『徘徊タクシー』

knockeye2014-09-26

徘徊タクシー

徘徊タクシー

 『徘徊タクシー』という小説(著者 坂口恭平)を読んだ。
 題名がいいです。「失恋レストラン」(唄 清水健太郎)みたいな感じだけど、それよりさらによい。印象に残る。
 祖父さんの葬式で熊本に帰った主人公が、ぼけた曾祖母の徘徊につきあってみて、世の中のぼけ老人の徘徊には、実は何か隠された意味があるんじゃないかと、コペルニクス的思い付きをする。
 徘徊老人の足代わりに車を運転して、彼らの生きたいところにとことんつきあってみたら、知らない現実が見えるんじゃないか、私たちの知らない、彼だけの現実があるんじゃないか。
 こういう発想を小説にした時点で、○だと思います。
 でも、全体としては現実逃避で終わってると思う。現実逃避そのものは否定しないけど、逃避の仕方が甘い感じ。

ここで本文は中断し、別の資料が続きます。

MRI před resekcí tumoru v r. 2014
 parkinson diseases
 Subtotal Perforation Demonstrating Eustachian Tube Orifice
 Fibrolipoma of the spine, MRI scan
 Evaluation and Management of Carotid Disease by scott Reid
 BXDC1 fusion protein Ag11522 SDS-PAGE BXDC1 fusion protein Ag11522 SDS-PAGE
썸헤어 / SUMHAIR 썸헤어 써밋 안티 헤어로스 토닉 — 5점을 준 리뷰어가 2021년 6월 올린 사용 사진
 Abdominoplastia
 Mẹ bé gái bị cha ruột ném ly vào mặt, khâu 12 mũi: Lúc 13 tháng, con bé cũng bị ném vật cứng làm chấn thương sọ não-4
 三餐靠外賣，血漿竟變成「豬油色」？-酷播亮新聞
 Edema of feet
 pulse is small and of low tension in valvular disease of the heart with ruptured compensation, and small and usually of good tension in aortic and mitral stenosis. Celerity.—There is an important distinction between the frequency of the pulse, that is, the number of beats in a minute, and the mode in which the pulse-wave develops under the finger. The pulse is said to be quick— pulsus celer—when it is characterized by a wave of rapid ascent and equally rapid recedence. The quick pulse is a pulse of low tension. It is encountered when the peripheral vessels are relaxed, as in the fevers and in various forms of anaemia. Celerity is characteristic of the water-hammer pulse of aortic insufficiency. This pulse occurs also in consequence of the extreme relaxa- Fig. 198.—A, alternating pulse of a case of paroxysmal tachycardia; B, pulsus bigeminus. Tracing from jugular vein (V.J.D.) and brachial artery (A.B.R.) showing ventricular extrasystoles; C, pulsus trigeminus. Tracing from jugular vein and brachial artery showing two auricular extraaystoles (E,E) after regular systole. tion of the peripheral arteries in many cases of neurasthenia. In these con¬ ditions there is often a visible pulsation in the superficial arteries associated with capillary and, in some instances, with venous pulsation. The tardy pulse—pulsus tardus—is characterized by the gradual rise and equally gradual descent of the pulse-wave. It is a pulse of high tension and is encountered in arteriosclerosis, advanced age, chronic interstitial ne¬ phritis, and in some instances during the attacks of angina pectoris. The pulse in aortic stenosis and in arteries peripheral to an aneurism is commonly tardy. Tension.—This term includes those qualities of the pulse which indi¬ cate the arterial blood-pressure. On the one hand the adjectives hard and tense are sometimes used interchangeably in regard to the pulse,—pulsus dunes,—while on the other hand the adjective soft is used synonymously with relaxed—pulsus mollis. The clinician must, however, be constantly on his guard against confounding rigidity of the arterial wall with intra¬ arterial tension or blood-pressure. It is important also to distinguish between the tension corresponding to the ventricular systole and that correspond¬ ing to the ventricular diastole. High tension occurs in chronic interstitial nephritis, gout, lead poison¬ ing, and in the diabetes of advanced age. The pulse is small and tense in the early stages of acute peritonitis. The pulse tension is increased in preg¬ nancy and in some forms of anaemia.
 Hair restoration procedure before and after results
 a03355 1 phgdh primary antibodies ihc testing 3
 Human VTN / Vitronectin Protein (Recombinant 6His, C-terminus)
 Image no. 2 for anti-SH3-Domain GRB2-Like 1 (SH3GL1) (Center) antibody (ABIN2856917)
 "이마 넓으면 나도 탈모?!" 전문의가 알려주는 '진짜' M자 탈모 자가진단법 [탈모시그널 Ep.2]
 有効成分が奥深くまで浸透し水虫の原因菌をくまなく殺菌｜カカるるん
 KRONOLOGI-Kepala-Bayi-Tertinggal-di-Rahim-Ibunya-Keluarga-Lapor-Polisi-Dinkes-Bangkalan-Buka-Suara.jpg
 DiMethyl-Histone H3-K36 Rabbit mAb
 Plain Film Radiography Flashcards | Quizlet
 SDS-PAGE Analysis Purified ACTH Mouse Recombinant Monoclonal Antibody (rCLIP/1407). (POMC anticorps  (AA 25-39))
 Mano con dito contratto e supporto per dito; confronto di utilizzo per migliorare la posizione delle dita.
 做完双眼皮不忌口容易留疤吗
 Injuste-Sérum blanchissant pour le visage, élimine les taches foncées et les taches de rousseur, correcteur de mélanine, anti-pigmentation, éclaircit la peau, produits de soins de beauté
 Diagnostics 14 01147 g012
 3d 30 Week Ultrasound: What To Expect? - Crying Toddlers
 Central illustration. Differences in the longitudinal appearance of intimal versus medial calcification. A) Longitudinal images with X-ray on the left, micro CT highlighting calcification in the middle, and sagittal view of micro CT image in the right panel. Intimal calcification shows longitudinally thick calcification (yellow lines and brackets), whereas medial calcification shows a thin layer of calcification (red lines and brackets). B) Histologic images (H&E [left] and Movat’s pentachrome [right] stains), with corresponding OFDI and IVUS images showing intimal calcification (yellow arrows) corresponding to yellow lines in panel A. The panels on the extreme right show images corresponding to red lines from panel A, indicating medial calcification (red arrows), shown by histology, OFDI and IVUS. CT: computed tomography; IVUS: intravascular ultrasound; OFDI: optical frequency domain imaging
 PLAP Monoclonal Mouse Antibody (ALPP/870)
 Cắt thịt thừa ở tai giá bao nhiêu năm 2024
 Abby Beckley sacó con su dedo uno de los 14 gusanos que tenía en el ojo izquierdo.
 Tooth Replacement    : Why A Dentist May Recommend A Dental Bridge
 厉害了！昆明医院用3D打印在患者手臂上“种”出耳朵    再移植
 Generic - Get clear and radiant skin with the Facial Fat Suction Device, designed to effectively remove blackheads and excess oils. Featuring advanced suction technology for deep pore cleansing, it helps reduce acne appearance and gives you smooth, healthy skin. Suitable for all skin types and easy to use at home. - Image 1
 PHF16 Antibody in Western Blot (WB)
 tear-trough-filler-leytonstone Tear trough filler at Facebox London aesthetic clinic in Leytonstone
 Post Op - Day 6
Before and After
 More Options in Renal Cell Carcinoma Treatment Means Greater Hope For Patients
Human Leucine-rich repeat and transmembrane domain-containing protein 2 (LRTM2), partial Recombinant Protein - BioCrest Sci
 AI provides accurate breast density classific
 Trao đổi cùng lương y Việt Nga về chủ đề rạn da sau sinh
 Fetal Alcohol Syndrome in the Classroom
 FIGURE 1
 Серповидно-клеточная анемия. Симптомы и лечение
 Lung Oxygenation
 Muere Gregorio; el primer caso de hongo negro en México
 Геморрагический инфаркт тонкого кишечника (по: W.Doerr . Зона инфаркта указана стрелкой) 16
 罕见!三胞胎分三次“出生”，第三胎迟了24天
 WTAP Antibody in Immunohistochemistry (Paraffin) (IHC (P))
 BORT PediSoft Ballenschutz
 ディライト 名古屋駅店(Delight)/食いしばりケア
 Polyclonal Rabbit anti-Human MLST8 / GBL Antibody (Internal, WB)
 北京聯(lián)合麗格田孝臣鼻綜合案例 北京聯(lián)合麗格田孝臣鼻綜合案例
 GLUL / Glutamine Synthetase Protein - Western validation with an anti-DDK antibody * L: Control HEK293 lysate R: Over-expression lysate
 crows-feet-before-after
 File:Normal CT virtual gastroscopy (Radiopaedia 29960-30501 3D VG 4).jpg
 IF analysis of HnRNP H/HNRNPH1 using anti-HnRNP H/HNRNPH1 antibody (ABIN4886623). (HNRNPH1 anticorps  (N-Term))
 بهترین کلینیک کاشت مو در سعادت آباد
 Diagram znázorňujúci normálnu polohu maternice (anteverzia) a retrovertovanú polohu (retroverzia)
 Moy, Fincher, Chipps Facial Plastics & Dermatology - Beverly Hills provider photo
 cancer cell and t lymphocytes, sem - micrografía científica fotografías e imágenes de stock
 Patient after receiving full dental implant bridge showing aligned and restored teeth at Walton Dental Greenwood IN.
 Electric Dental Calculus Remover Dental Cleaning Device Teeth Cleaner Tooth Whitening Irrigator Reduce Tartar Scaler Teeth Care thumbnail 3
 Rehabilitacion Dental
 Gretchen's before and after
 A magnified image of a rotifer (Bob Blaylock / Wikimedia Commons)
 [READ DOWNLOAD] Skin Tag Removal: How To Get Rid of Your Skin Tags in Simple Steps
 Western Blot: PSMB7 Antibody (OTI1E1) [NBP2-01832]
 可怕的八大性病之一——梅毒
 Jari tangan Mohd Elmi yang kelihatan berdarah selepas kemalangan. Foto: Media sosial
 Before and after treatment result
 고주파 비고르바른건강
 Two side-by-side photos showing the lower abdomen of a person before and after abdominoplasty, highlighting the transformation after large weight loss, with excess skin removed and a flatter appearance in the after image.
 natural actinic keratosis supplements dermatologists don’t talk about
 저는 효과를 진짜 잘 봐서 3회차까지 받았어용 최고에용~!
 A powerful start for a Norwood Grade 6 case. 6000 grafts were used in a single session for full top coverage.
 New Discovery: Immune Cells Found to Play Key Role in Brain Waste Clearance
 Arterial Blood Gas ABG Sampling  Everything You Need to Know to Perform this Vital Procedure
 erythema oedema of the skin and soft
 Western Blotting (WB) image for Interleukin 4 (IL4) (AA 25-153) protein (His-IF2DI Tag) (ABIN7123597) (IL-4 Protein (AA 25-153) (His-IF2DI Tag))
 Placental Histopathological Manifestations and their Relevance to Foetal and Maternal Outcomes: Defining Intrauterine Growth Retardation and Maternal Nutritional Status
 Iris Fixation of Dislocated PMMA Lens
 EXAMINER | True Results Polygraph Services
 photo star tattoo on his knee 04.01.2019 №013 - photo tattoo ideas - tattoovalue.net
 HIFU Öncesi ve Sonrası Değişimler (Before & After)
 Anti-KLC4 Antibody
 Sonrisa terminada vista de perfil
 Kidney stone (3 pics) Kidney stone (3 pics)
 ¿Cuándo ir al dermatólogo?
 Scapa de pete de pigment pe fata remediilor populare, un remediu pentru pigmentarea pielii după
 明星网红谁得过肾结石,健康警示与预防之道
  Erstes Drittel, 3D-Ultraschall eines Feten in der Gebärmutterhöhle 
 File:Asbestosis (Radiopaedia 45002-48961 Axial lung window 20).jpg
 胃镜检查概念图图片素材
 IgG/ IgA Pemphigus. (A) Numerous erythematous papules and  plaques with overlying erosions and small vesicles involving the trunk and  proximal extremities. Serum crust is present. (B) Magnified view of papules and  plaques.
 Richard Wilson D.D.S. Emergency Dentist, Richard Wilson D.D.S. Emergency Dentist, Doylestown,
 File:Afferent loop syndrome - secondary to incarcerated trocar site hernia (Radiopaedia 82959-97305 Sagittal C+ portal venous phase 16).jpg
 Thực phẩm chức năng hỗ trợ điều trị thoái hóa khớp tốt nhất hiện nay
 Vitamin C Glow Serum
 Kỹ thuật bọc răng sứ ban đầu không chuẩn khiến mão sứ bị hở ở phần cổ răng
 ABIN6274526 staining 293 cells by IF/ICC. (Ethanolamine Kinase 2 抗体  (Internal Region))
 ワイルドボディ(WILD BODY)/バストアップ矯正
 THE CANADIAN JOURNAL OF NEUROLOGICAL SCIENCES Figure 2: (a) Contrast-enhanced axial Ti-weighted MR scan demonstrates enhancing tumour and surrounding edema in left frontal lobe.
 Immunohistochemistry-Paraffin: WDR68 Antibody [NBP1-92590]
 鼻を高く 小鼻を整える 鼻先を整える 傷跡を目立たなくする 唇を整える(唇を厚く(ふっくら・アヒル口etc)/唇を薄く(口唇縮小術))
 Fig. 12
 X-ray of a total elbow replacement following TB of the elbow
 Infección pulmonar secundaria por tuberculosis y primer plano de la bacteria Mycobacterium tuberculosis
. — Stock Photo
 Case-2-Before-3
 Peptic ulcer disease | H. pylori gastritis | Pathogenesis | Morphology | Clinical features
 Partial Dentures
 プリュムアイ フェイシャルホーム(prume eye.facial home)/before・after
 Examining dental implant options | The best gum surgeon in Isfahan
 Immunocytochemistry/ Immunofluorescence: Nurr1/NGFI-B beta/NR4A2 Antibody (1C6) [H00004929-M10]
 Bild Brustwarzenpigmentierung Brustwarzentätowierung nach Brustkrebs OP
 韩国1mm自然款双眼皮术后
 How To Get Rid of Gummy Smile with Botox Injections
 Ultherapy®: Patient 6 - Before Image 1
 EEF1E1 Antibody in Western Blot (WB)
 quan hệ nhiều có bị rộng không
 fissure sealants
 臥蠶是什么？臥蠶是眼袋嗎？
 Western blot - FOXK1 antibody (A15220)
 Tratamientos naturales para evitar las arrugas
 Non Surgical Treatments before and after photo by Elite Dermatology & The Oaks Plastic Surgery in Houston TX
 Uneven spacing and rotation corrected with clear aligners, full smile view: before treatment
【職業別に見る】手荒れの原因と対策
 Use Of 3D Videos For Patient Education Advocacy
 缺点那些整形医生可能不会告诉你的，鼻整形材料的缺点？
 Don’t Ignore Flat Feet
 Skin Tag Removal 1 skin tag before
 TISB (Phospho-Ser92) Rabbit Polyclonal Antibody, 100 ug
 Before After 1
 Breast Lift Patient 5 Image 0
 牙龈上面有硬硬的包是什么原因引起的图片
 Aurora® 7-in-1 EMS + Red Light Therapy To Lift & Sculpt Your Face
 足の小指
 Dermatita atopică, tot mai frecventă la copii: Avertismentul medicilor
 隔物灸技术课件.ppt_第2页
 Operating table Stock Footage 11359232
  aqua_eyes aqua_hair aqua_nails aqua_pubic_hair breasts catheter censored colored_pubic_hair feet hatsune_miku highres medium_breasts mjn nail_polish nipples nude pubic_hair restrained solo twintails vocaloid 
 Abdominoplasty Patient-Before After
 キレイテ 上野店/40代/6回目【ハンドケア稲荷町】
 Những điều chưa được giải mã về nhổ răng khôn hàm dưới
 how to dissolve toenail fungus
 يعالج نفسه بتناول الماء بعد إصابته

もうちょっとでかい迷路を期待していたのに、すぐに外に出ちゃった感じ。
 だから、むしろ印象に残るのは、祖父さんの葬式をめぐるエピソードだったり、徘徊タクシーの提灯を作ってくれる、へんなくず鉄屋さんだったりする。
 まあでも、考え直してみれば、ファウスト博士とメフィストフェレスみたいなものを期待している私の方が現実逃避したがってるのかもな。
 ところで、小林信彦の『悪魔の下回り』っていう『ファウスト』のパロディがあるのだけれど、やっぱりあれはあれでたいしたものだったな。